Retrograde Modernization in Russia and the Post-Soviet Region
A Cross-Disciplinary Conference Organized by KomPost and the German Association for East European Studies (DGO), Berlin 23-24 October 2015
Levels of economic development, income and education provide a firm structural basis for democracy in Russia. However, an authoritarian model of government has prevailed and has even taken stronger hold of society in recent years. This trend is all the more puzzling since the political leadership has been less able to rely on economic growth to legitimize its rule. Governing elites are essentially confined to symbolic resources of legitimacy, such as historical grievances, threat perceptions, notions of exceptionalism and imperial identity.
In employing these resources, incumbent elites evoke ghosts of a past that appears to be more present now than during Russia’s departure for democracy in the 1990s or during the prosperous 2000s.

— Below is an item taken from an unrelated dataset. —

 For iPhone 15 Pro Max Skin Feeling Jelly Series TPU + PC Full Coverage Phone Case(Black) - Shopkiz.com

Reviving the territorial thinking of the 19th and 20th century, Crimea’s incorporation is used to demonstrate Russia’s reconstitution as a great power. Novorossiya, a historical region annexed by Tsarist Russia, serves to establish a Russian claim on Ukrainian territory. Russia is framed as subject to Western “containment” strategies, borrowing from the terminological arsenal of the Cold War. In a romanticizing fashion, political representatives assume Russian culture to harbor and cherish traditional values that are deemed to be threatened by neglect and relativism in the West. The official rhetoric of economic reform resuscitates the idea of “import substitution” from the economic development agenda of the 1960s. Contemporary notions of “conservatory modernization” and “innovatization” are reminiscent of pseudo-reform discourses shaping the Brezhnev era.

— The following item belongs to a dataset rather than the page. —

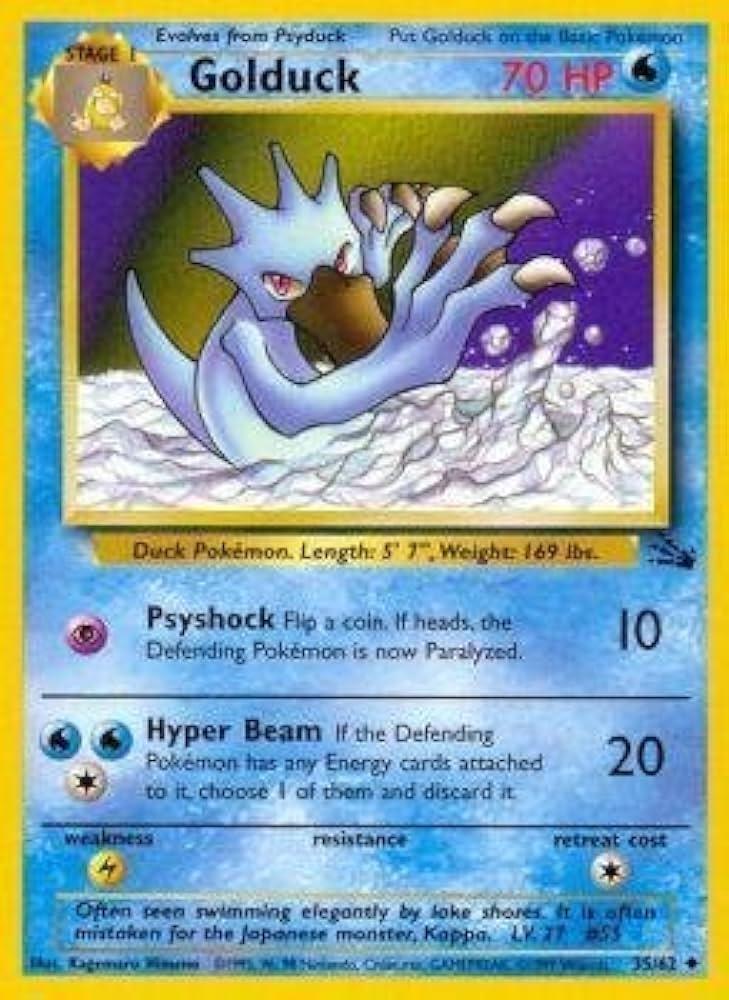 Golduck (35/62) [Fossile illimité]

The conference analyzed how political actors use references of the past to interpret and justify their policies. How do these references and quotations fit into the official frame of Russia as a non-Western civilization and an alternative to Western moral permissiveness? Can elements of what may be termed “retro-modernization” provide a viable ideology for authoritarian rule? What do we know about their appeal among Russian elites and in Russian society? How do critics of official discourses and policies relate to the appropriation and reactivation of traditions? How do neotraditionalist ideas resonate in other post-Soviet countries?
Drawing on work from the research network ‘Institutions and institutional change in Postsocialism’, the conference panels discussed ideas and strategies of retrograde modernization in discourses about the role of the state, economic policy and Russian culture.